Iran says it launched two ballistic test missiles Wednesday, purportedly inscribing them with a message in Hebrew that "Israel should be wiped from the pages of history."

The semi-official Fars news agency showed pictures it said were of Qadr H missiles being fired from Iran's eastern Alborz mountain range, their target 1,400 kilometers away off the country's coast into the Sea of Oman.

"The reason we designed our missiles with a range of 2,000 kilometers is to be able to hit our enemy, the Zionist regime, from a safe distance," said Brigadier General Amir Ali Hajizadeh of the Islamic Revolutionary Guards Corps.

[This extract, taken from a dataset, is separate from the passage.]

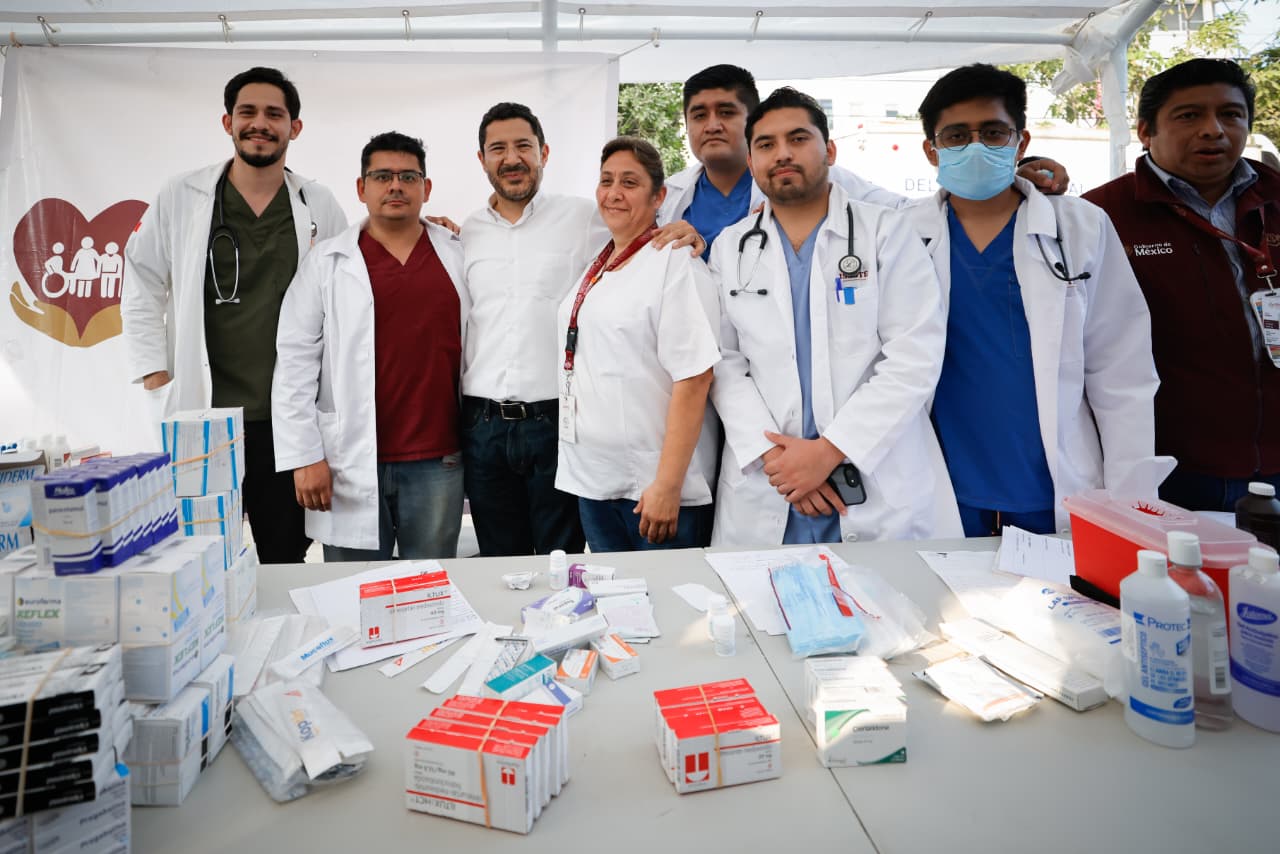 Martí Batres destaca labor de médicos del Issste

Hajizadeh stressed Iran would not start a war with Israel, with Tehran describing the tests as a show of its "deterrent power."

The tests came as U.S. Vice President Joe Biden was in Jerusalem for a meeting with Israeli Prime Minister Benjamin Netanyahu.

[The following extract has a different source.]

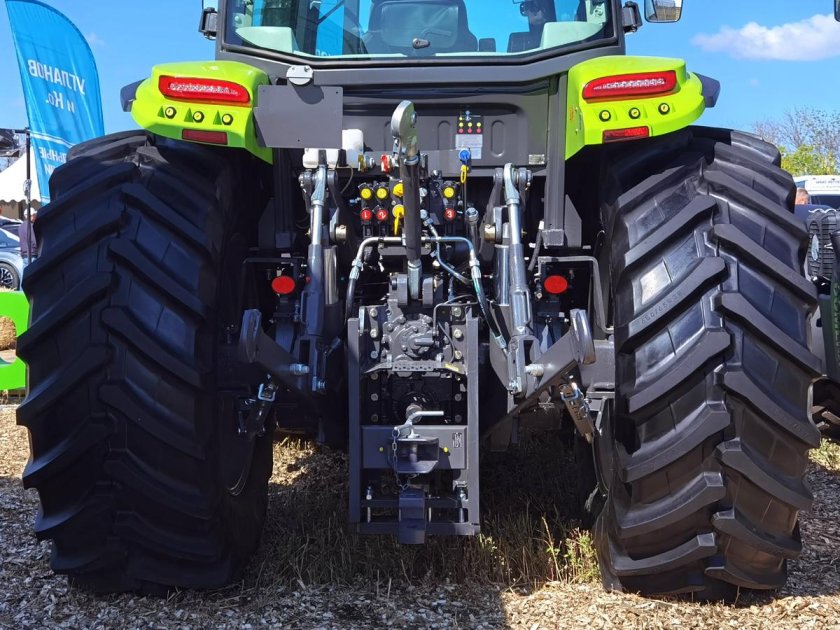 Зумлион трактор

Biden did not acknowledge the missile tests, Iran's second this week, but he warned Iran against any violations of the internationally negotiated nuclear deal that curbed Tehran's development of nuclear weaponry in exchange for lifting sanctions that had hobbled its economy.

"A nuclear-armed Iran is an absolutely unacceptable threat to Israel, to the region and the United States," Biden said as he stood next to Netanyahu, who had unsuccessfully opposed the nuclear pact. "And I want to reiterate which I know people still doubt here. If in fact they break the deal, we will act."

The nuclear pact, negotiated by the United States and five other world powers, does not prohibit the missile tests.

Israeli Defense Minister Moshe Yaalon told Israel Radio the tests showed Iran's hostility toward the Jewish state had not changed since the January implementation of the nuclear pact, even with Iranian President Hassan Rouhani's overtures to the West.

Yaalon said, "To my regret there are some in the West who are misled by the honeyed words of part of the Iranian leadership while the other part continues to procure equipment and weaponry, to arm terrorist groups."

The U.S. State Department said Tuesday it planned to ask the U.N. Security Council to review the Iranian tests and "press for an appropriate response."

"We also continue to aggressively apply our unilateral tools to counter threats from Iran’s missile program," spokesman John Kirby said.

The nuclear agreement brought a new U.N. Security Council resolution that calls on Iran to not "undertake any activity related to ballistic missiles designed to be capable of delivering nuclear weapons, including launches using such ballistic missile technology."

The nearest point in Iran is about 1,000 kilometers from the key Israeli cities of Tel Aviv and Jerusalem.